Just because I was walking home from LIC’s Dutch Kills didn’t mean I was done taking photos, nor was I done experimenting with the focus stacking technique. Got this one on Thomson Avenue, corner of Skillman, across the street from LaGuardia Community College. I had become so focused on shooting that I had lost track of time, and this is about the moment I discovered that it was well after midnight and that my camera battery only had two bars of power left on it. Thing about this particular technique is that every single image represents 9 or 10 individual shots, so it’s pretty easy to chew through your camera memory cards and battery charge in short order.

Oops. I carry extra batteries with me, of course, so no big deal. Saying that, wow, I was something like 300 plus shots and six hours into the walk and I hadn’t even realized it. Additionally, this is also when I realized that despite the fact that the audiobook I was listening to at the start of the walk had long ago concluded, I still had my headphones in for some reason. Missing time, huh?

– photo by Mitch Waxman

My toes were promptly turned towards HQ, and the slogging home section of my night. I had covered a lot of the same ground at the start of the evening, so photo opportunity on the way home was fairly limited. Saying that, there were a couple of shots that jumped out at me – like this little tree sapling that had somehow rooted itself alongside the fenceline of the Sunnyside Yards. I love this sort of sight – indomitability of nature and all that.
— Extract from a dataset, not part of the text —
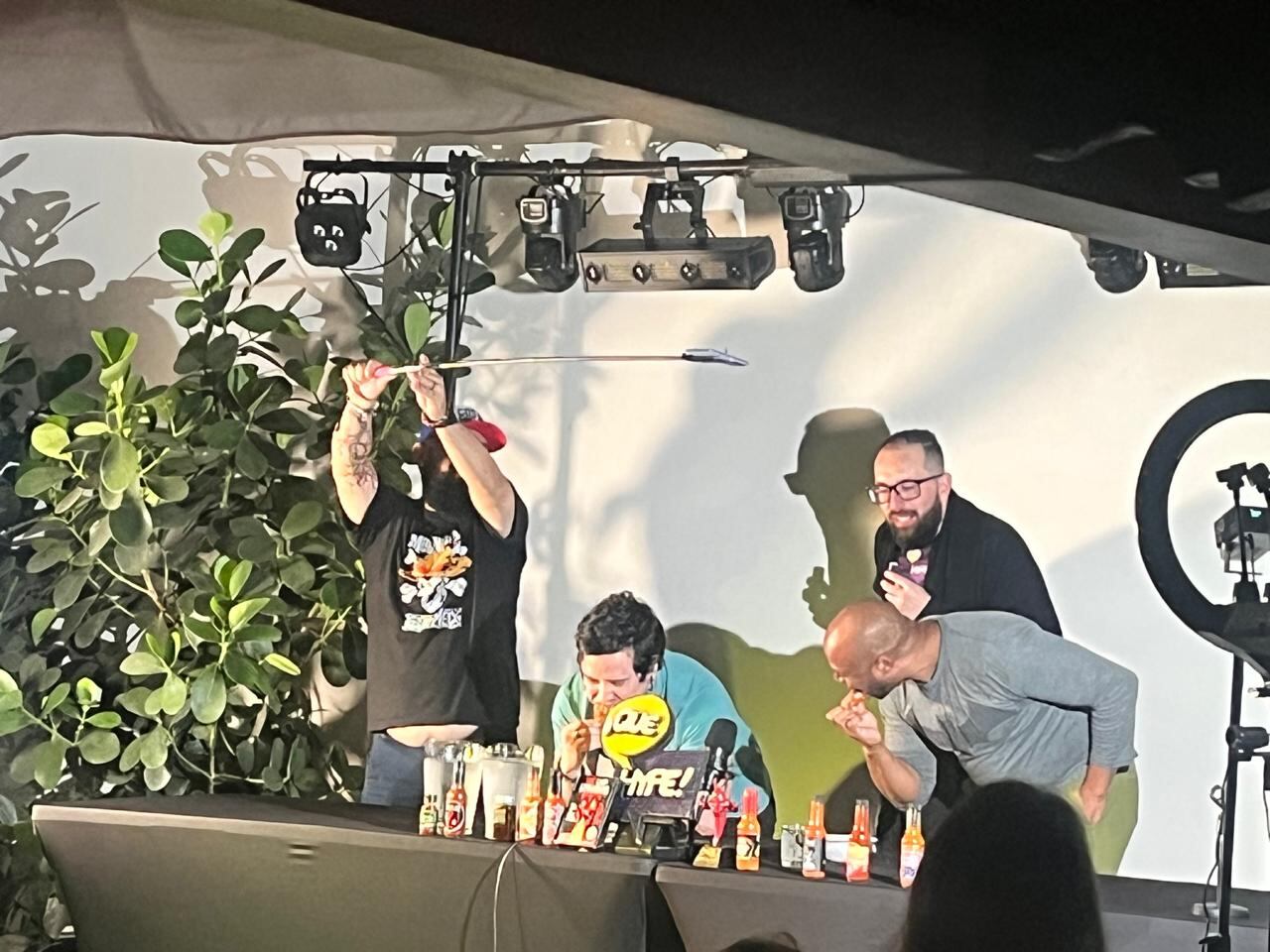 Garbin Hart Smith, se inscribió en el Desafío HOT del programa “Que Hype” de Radio Hit 104.7 FM y terminó llevándose el título de campeón de la tercera temporada.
I was still playing around with the focus stacking technique mentioned in earlier posts this week, which allowed for a terrific amount of captured light and tint.

– photo by Mitch Waxman

This image depicts the western looking pov from Skillman Avenue, where you can see the Queens Plaza South and North truss bridge over the rail tracks, and the elevated 7 line above the roadway. While gathering the focus stacking shots for this one, four distinct passages of rail train sets rolled through the frame, leaving behind light streaks to mark their passage.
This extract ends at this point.